Michael Coleman on Focus on the Tool Belt Not the Resume

Michael Coleman on Focus on the Tool Belt Not the Resume

Michael Coleman on Focus on the Tool Belt Not the Resume

Michael Coleman on Focus on the Tool Belt Not the Resume
 

FOCUS ON THE TOOLBELT NOT THE RESUME

Actors looking for a competitive edge over others will often look for “resume builders”. They will take a month with a coach recognized as a top coach, they may even take a casting director workshop so they can add those names to their resume, they may take a weekend special skills workshop to create the illusion of a diversified skill set. While many of these teachers are amazing in what they do, if you don’t give them an opportunity to give you a new skill set you are throwing money away for the ability to say you’ve met these people.

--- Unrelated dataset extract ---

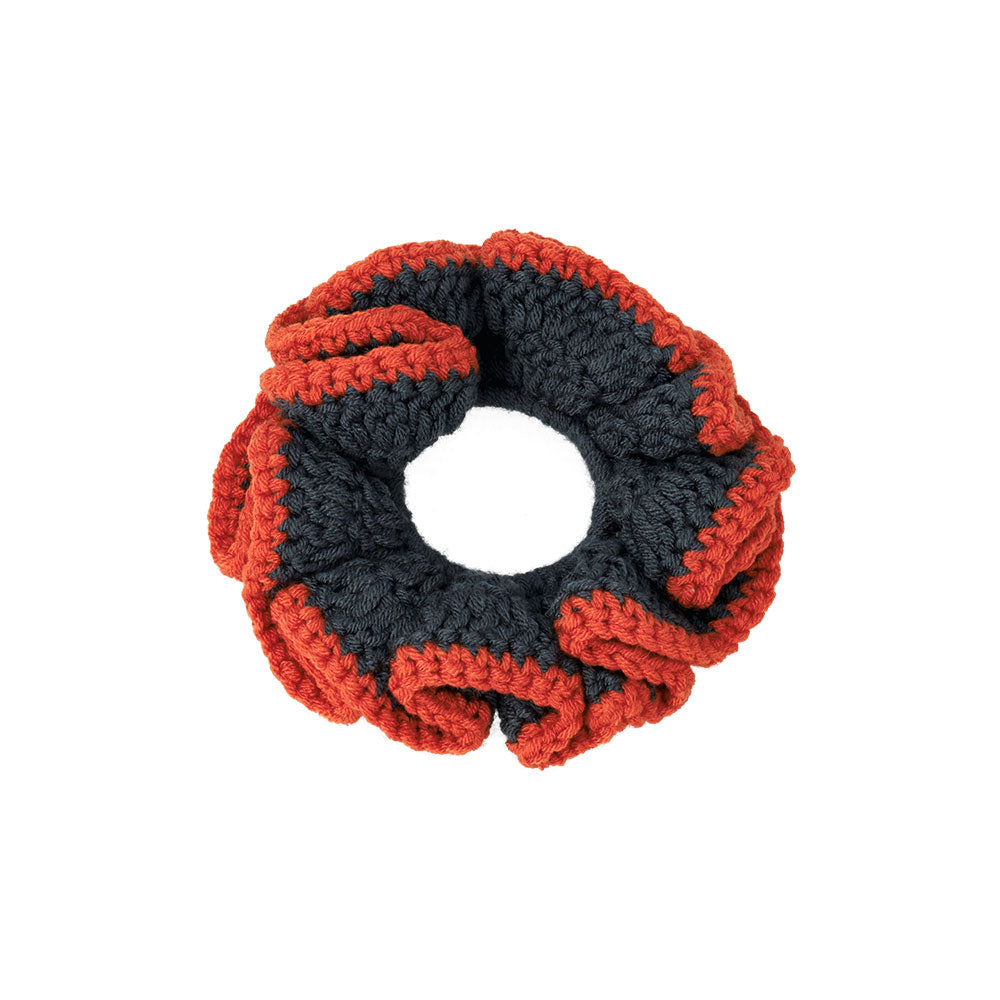 Contrastive Trim Knit Scrunchie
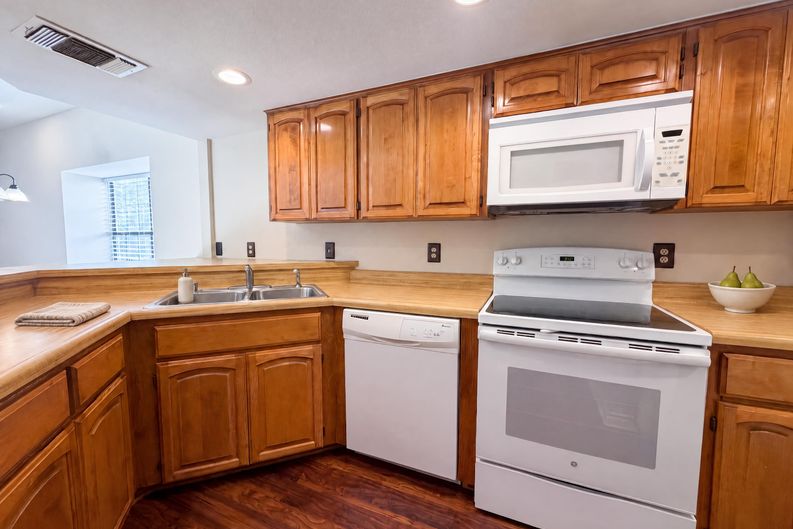 Photo 5 of 18 of 474 Seele St, New Braunfels, TX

There is an enormous difference in working with an acting coach for four weeks and committing to several months.

My advice? Don’t take a class or a workshop just to add it to your resume. Worry less about what names and training a on your resume and focus entirely on what skills you can add to your toolbelt. Training once a week for four weeks is often available, but this is almost never enough time for you to learn a skill that you can apply to your craft. You may be able to understand what the skill is, but you can’t consider it a tool for your toolbelt until it is something you can routinely apply with little thought and without hesitation.

YOU ARE A MIRROR

Being an actor is a unique opportunity to be a reflection of how your moment in time sees yesterday, today, and tomorrow.

We are a reflection for today’s world and the stories we tell offer a deeper look into who we are as a society, who we’ve been, and who we may become.

My favourite stories aren’t the ones that tell me what to think, they are the stories that simply remind me to think.

I love stories that include or end with more questions than answers.

There was a television series, House, starring one of my all-time favourite actors, Hugh Laurie, where this occurred in an incredible way at the end of each episode. They would often tackle complex ideas or moral dilemmas and then not end the episode with the “right” answer, but instead would leave it up to the viewers to reflect on what they had just experienced and decide for themselves.

IT’S OKAY TO QUIT

I quit often. This is a tough industry and sometimes I crave a life without so much rejection, a life without as many authentic feelings spilling everywhere, a life without as much self-assessment. I have an inner brat too. And sometimes he can be very convincing.

But what I have found in my thirty plus years as a professional actor is that I can never quit for long. I am always pulled back into the industry I have grown to know as my calling. Not unlike the “thug life”, the actor life isn’t something you always choose. Often, the actor’s life chooses you.

It’s okay to quit. If this is the life you are meant to live? You will never quit for very long.